Kater: Du nimmst mich noch immer nicht ernst. Erzähle Ihnen lieber, was dir die nette Tierärztin geantwortet hat, als du sie nach den Folgen meiner Entzahnung gefragt hast.

Ich: Bittesehr. Ich fragte: Wird er noch Mäuse fangen können? Sie antwortete: Die fangen Sie eh mit den Pfoten.

Kater: Vielleicht kannst du den Leuten auch sagen, dass sie mir nicht alle Zähne gezogen hat. Meine furchterregenden Eckzähne habe ich noch, zum Beispiel. Da gibt es Bilddokumente. Ich ersuche dich, diese zu zeigen.

Ich: Ah, der Herr werden förmlich. Aber bitte, mache ich doch gern.

 

Kater: Und sag ihnen, dass ich das gleiche Futter zu mir nehme wir vorher. Ich bin zwar 17, aber kein Mümmelgreis.

Ich: Das stimmt, aber dein Dosenfutter ist zerkleinert.

Kater: Gib mir eine Bachstelze, und du wirst schon sehen, was los ist.

Ich: Lieber nicht! Ich gebe gern zu, dass du frisst du wie eh und je. Hast mehr als eineinhalb Kilo zugenommen.
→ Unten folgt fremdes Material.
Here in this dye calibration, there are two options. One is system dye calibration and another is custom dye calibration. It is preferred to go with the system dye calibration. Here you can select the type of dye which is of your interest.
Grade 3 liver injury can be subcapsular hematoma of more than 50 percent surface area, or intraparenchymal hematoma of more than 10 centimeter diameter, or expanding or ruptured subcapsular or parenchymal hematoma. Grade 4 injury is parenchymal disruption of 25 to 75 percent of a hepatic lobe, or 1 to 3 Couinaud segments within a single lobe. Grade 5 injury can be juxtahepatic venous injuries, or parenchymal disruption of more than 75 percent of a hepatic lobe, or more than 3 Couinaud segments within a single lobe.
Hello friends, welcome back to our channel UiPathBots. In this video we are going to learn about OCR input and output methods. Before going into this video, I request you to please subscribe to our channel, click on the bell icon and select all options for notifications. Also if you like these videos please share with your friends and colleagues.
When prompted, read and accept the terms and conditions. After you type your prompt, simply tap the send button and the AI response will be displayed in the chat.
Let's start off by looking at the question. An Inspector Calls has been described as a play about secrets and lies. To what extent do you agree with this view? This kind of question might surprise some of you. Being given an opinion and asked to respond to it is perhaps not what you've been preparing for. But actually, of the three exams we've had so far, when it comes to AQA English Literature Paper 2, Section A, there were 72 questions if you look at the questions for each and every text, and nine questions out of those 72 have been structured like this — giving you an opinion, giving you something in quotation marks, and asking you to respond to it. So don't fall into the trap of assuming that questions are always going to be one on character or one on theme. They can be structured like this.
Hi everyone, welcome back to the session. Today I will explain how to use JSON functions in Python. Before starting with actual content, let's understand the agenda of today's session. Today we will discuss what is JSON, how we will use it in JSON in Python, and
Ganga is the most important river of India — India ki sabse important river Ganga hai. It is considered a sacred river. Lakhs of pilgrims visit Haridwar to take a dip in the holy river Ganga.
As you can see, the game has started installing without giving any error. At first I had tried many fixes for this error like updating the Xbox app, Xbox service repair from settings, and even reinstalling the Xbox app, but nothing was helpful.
Kater: Jetzt bekommen die Leute wieder den Eindruck, ich sei dick. Das ist Bodyshaming! Wie hat mich die freundliche Ärztin genannt? Sag es!
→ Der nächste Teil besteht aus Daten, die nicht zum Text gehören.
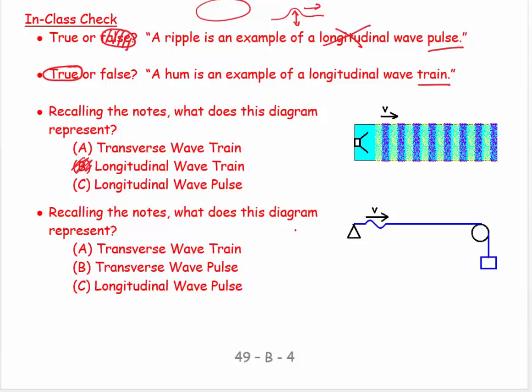Recalling the notes, what does the other diagram represent? It's clearly transverse — it's a stretched string where the oscillation is vertical whereas the energy flow is sideways, and there's only one of them. So this would be a transverse wave pulse. It's good to know the language because people expect it, so get to know the language so you can talk about waves.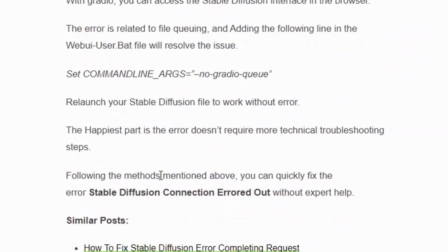You can fix the Stable Diffusion connection error without expert help. If you found this video helpful, make sure to give it a thumbs up and don't forget to subscribe to our channel for more such videos. Thank you.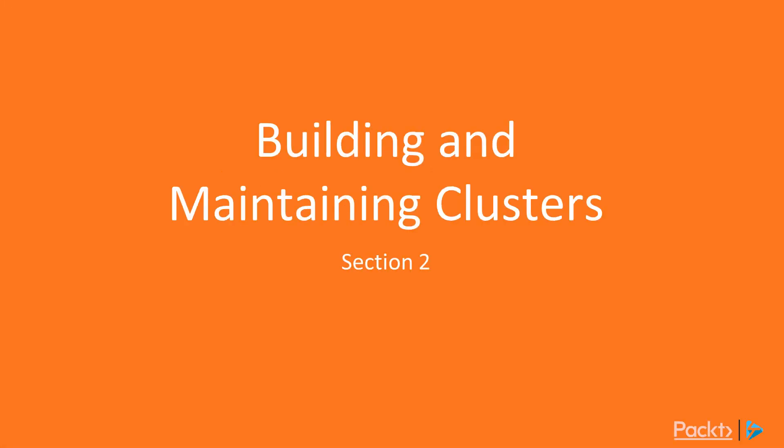In this section, you'll get to learn about building and maintaining failover clusters in Windows Server 2019, and some of the new features in that space.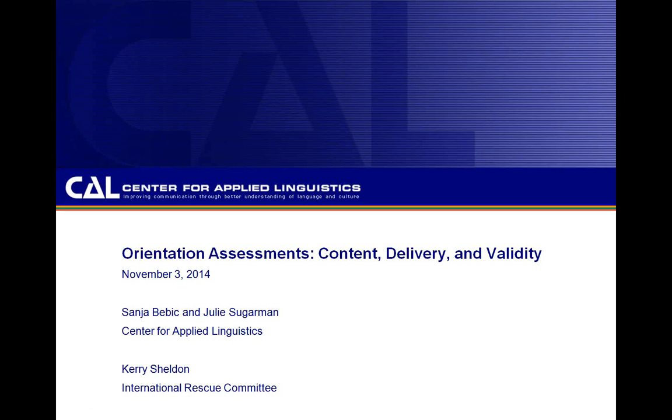Good afternoon, everyone. Welcome to the CAL webinar on orientation assessments, content delivery and validity.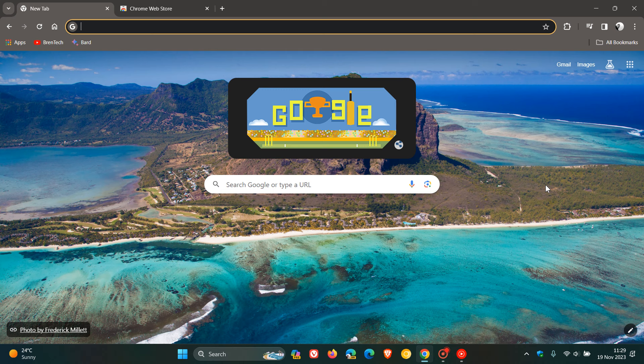Because with the rollout and release of Manifest Version 3, which is the updated version, it limits certain ad blockers, as an example, uBlock Origin. Now,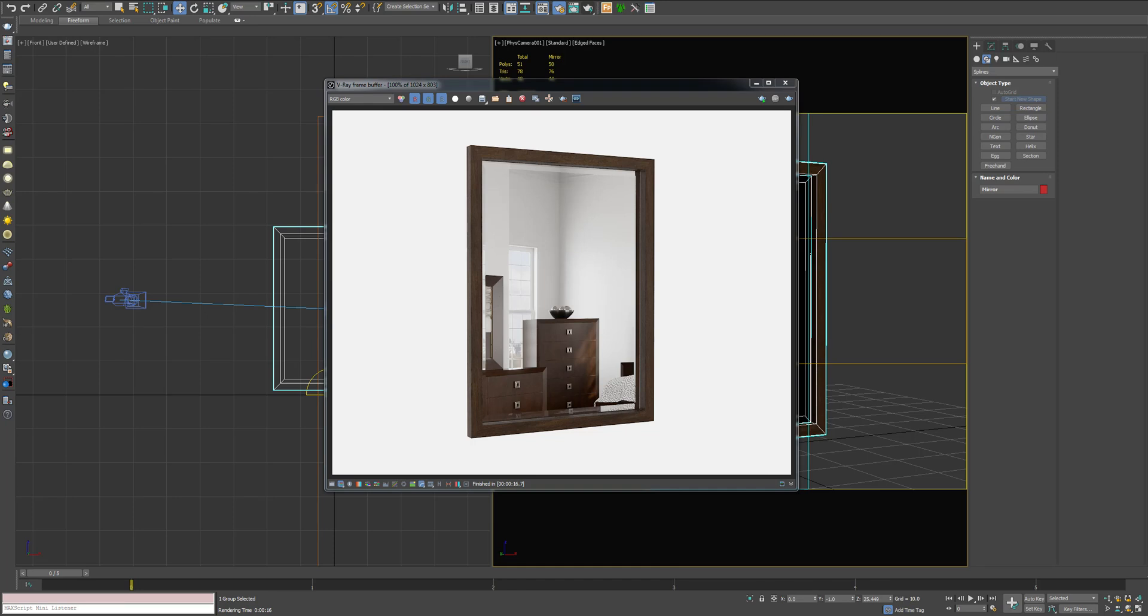In this tutorial, I'm going to go over how to create a mirror and a mirror material in 3D Studio Max and V-Ray. And you can see here what our final result is going to look like.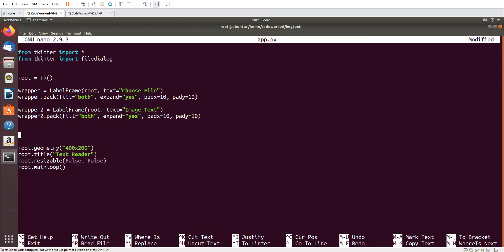We already have this text above — 'Choose File' — so we don't need another label. We will have a text field and a button.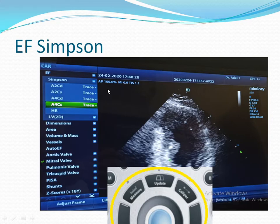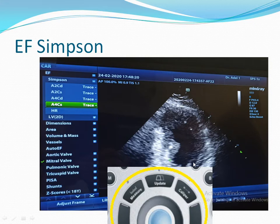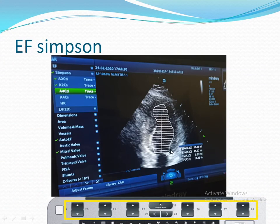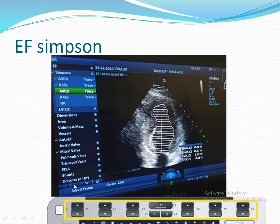Press Measure, then choose Ejection Fraction — Simpson's apical 2 or apical 4 according to your view. For apical 2, we will start from diastole — trace from here and complete the measurement to here. The machine will automatically transfer to the apical 2-chamber systole view. You can change the frame using the frame adjustment button on the keyboard, then measure again from here to here to get the ejection fraction by Simpson's. This can also be done on the apical 4-chamber view.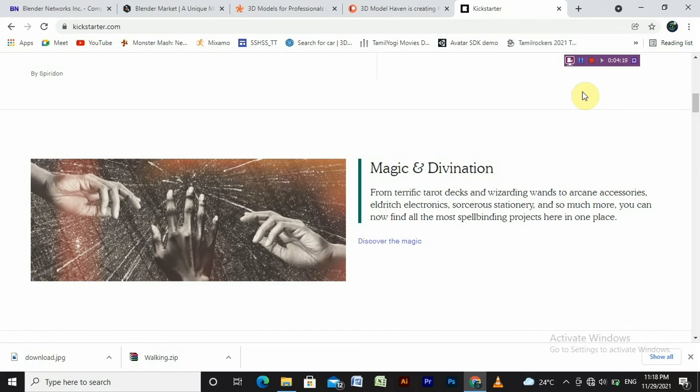These are the tips, four techniques to use Blender or any animation software. Okay guys, this video will end up. Bye guys.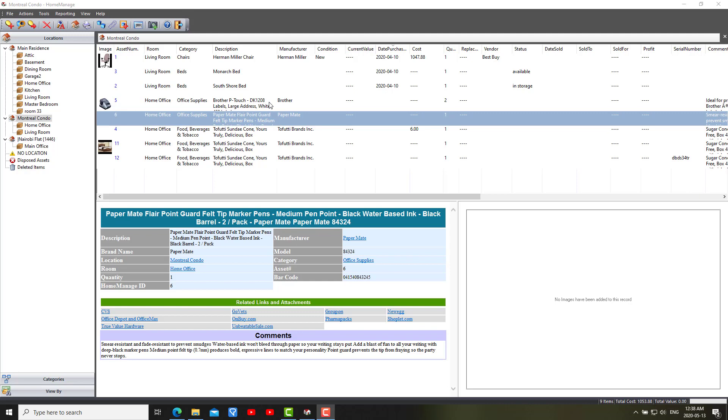And we've also made some changes to reports to make them look better in certain situations. For example, if you have a cost at zero, it's not going to show zero anymore. It'll just show blank.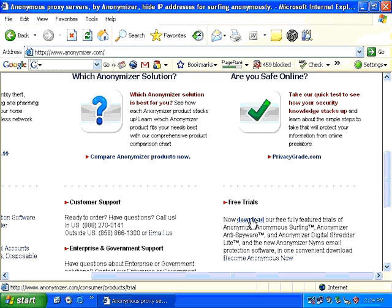However, there is a small catch. If you continue using anonymizer.com, sooner or later you are going to see an error message asking you to enter your credit card information. I am very sure that all of us attending this course would rather give out our IP address than our credit card number. I am not asking you to make any payment to anonymizer.com.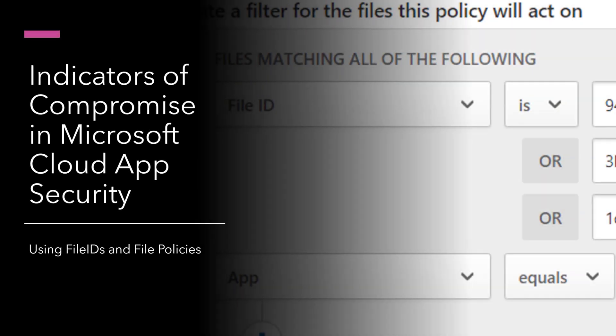Okay, let's take a look at how to build a custom indicator of compromise in Microsoft Cloud App Security.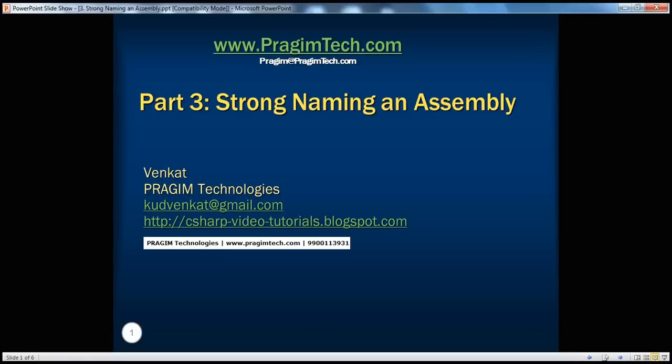Hello, welcome to Prajim Technologies. I am Venkat. This is part 3 of .NET Basics.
Ich: Kernig. Sie sagte, du hast zugenommen, seist aber kernig.

Kater: Die Tierärztin ist mir nicht unangenehm, muss ich sagen.

Ich: Dafür, dass sie dir nicht unangenehm ist, führst du dich ganz schön auf, wenn ich dich hinbringe.

Kater: Lass du dich in einen engen Käfig einsperren und herumtragen.

Ich: Es ist kein Käfig, sondern eine Stofftasche. Und die hast du auch schon aufgekriegt, im Auto schaute auf einmal der Katerkopf heraus.

Kater: Ich bestehe auf meiner Freiheit, obwohl du glaubst, dass ich von dir abhängig bin.

Ich: Das mit der Freiheit lassen wir jetzt lieber, heute hatten wir schon genug Liberalismusstreit.

Kater: Du könntest mich leicht versöhnen.

Ich: Fisch oder Pute?


Distance, hands, masks, be considerate!